I was able to get C# code working that does speech translation for both microphone audio and system audio via Azure Cognitive Services. (By “system audio,” I mean, for example, the voices of remote Web meeting participants or the audio output from audio files played locally on the PC).
Although the display of intermediate speech translation results for the microphone audio is pretty fast (that is, within a few seconds after the utterance in the source language starts) and I was able to set this up very easily with event handlers (using code similar to here), the display of intermediate speech translation results for system audio is much slower than microphone audio (starts after the source utterance is finished).
Questions:
1. Is it possible to set up Azure API event handlers to do speech translation of system audio (NOT microphone audio) without needing to save audio to WAV files (or to a stream) and then doing speech translation on those WAV files (or stream)?
The documentation here seems to indicate that this is not possible at the present time but would like to confirm.
I’m currently doing speech translation of system audio via code similar to the following:
using (var audioInput = AudioConfig.FromWavFileInput(curAudioFileForSpeechRecognitionProcessing))
{
using (var recognizerFromSystemAudio = new TranslationRecognizer(config, autoDetectSourceLanguageConfig, audioInput))
{
...
recognizerFromSystemAudio.Recognizing += (s, e) =>
{
var lidResult = e.Result.Properties.GetProperty(PropertyId.SpeechServiceConnection_AutoDetectSourceLanguageResult);
...
I’d like to be able to set up for speech translation of system audio more easily via code similar to the following and have the intermediate speech translation results displayed quickly even before the utterance is finished (which I’m using for microphone audio).
using (var recognizerFromMicrophone = new TranslationRecognizer(config, autoDetectSourceLanguageConfig))
{
...
recognizerFromMicrophone.Recognizing += (s, e) =>
{
var lidResult = e.Result.Properties.GetProperty(PropertyId.SpeechServiceConnection_AutoDetectSourceLanguageResult);
...
2. If setting up speech translation of system audio via event handlers (no reading from WAV files or stream) is not possible, do you have any ideas on how I can speed up the display of intermediate speech translation results for system audio?
Ideally, I would NOT need to do the following, but the Azure API would handle this automatically (just like for microphone audio):
a.
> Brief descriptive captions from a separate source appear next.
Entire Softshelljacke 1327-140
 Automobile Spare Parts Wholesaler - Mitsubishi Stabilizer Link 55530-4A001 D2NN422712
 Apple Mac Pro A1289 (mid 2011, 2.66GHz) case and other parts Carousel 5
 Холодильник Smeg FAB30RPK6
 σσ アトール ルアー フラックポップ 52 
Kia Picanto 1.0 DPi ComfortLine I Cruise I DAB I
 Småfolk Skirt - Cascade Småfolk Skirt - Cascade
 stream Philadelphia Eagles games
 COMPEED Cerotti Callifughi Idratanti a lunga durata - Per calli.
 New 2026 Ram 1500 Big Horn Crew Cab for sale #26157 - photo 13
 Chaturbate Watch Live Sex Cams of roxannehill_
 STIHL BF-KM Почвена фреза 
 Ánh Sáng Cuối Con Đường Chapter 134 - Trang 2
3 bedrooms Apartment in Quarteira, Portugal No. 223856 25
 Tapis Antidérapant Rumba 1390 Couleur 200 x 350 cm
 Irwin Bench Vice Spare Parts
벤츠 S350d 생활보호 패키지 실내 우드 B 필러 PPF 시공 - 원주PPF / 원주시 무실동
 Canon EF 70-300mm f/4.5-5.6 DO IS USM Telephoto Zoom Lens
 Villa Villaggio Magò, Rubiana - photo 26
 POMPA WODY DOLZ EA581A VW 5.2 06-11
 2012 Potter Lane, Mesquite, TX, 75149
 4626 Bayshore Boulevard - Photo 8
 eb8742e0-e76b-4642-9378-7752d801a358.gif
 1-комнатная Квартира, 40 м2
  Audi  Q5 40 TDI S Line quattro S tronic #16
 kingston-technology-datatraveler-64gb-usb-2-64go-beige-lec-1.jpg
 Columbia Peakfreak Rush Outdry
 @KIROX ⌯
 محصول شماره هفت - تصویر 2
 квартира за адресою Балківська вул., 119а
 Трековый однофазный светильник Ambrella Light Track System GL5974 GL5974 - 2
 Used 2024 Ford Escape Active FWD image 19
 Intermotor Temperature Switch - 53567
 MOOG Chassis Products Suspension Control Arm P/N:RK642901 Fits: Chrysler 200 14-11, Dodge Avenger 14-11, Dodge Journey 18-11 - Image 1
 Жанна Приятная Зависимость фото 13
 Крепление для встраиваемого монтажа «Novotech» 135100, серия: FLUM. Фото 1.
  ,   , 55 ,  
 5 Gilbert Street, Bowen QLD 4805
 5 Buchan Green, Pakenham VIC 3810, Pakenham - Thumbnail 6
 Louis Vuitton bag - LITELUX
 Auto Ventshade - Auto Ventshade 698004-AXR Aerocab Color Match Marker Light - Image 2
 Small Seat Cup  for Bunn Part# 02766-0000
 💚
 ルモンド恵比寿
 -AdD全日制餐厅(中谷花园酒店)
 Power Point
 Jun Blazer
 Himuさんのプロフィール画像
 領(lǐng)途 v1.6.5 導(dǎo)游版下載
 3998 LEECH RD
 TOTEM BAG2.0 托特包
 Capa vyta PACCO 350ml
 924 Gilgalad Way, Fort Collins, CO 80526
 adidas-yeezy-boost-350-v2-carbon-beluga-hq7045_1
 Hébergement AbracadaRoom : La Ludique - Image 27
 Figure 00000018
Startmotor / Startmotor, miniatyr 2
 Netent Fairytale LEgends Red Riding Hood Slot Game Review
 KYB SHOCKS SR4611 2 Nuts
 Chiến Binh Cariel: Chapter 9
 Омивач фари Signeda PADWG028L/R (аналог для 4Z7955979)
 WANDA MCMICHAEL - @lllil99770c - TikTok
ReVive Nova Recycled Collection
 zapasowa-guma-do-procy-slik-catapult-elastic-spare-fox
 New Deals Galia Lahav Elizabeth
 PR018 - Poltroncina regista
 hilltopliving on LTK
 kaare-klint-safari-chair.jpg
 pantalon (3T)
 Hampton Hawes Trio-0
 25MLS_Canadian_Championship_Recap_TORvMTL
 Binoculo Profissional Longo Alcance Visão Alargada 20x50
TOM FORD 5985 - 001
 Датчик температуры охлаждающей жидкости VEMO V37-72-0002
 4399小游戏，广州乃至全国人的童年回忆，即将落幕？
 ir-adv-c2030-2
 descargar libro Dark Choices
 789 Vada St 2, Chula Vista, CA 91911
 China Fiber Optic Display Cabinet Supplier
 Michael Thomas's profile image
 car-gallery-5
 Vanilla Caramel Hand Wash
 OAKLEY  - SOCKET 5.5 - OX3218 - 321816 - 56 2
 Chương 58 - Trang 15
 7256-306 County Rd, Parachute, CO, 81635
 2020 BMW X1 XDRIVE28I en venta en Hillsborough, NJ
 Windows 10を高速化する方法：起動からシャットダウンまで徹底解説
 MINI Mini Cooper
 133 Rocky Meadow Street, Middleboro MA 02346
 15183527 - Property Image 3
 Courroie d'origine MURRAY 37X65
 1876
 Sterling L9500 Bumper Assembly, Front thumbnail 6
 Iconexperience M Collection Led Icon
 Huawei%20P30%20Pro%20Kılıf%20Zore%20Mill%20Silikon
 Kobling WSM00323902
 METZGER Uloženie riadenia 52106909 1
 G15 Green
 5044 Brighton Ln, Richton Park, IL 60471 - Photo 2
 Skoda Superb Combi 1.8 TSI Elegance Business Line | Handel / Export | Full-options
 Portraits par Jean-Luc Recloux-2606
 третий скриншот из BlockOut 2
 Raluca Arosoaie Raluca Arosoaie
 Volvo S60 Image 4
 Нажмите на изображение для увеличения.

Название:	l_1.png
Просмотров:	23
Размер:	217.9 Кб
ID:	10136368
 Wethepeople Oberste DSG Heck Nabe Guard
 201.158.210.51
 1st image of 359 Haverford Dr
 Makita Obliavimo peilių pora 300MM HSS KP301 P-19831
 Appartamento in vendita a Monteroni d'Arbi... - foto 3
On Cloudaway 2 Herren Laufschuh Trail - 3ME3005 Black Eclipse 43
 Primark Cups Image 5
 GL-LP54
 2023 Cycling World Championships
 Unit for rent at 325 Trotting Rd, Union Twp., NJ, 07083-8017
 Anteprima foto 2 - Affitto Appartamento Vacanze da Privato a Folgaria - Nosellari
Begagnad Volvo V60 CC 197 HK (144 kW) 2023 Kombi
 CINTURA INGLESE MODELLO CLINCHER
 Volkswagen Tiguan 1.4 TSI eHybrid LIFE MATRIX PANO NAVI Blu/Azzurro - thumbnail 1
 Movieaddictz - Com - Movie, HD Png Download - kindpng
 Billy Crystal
Record the first half of the sentence of the speech of the person talking.
b. Do speech translation on this audio fragment to display the intermediate speech translation results.
c. Record the remainder of the sentence.
d. Do speech translation for the audio of the complete sentence and then display this.
NOTE: To reduce latency, I need to do both the speech-to-text and machine translation in one call to the Azure server (i.e., NOT do speech-to-text and machine translation in two separate calls).
Environment I’m using:
· Windows 10 (Version 22H2 (OS Build 19045.4529))
· Microsoft .NET Framework (Version 4.8.04084)
· Microsoft Visual Studio Professional 2019 (Version 16.11.35)